Reaching into such reservoirs means trespassing beyond self-circumscribed notions of personal intellect, desire and strength. Stretching into the unpredictable wild of energetic interplay. Adventuring into intimate co-inspiration and opening to exponential uplift. I find this broadening applies equally to the completion of finite projects and pursuing long-term aims, such as living a transformative life rich with challenge, friendship and meaning.

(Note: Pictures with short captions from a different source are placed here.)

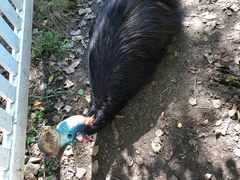 -哈尔滨北方森林动物园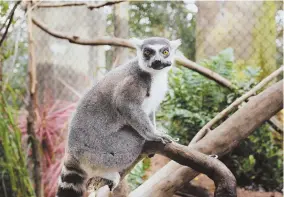  ?? PHOTO COURTESY OF VISIT TAMPA ?? CHECK IT OUT: See a ring-tailed lemur, above, at the Florida Aquarium or ride the Cheetah Hunt at Busch Gardens, right.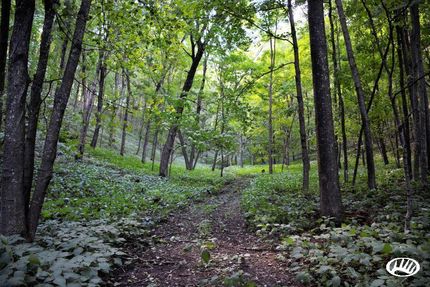 Property in Dunn County, Wisconsin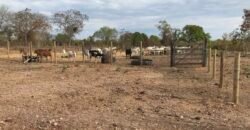 Fazenda Plana as Margens da GO 118 – Rio Paraná – 90 Alqueires – Município de Teresina de Goiás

Mother Earth is perhaps our most natural, go-to beyond-self resource. Simply touching Her with bare hands and feet pulls us into Her replenishing circulation and eases us out of our modern electro-magnetic overload. Plenty of “Earthing” websites will attest to this renewing phenomena, but how much more potent to check it out for oneself: squishing toes into a humble patch of untreated row house lawn, resting full body amongst the season’s lush wildflowers (mind the ticks and chiggers), or plunging waist deep into a brisk spring river. Moment upon moment of earth-touching recharges our endurance and boosts hope, courage and the sense of possibility — all essential to great pursuits.

I’ve applied this principle in a small way, as the weather has warmed, shifting to practicing karate barefooted on a stone patio interspersed with vigorous violets. I know my workday technologically-taxed mind and middle-aged body need the balancing, vitalizing terrestrial input if I’m to carry the strength and vigor necessary for my upcoming yellow belt test.

Earth also gifts other powers. She welcomes dynamic creative communion.   In concert with our eyes, our ears, taste, touch, smell and intuition, She widens, encourages and hones, inspiring authentic sculpture, cookery, and poetry among other arts. My friend, Lorna Trigg Hirsch, paints vibrant feminine images with expansive names like Cloud Flyer and Shooting Universal Stars; each a heart-sourced expression conceived through interaction with lake-sculpted stones, local caves, and plants.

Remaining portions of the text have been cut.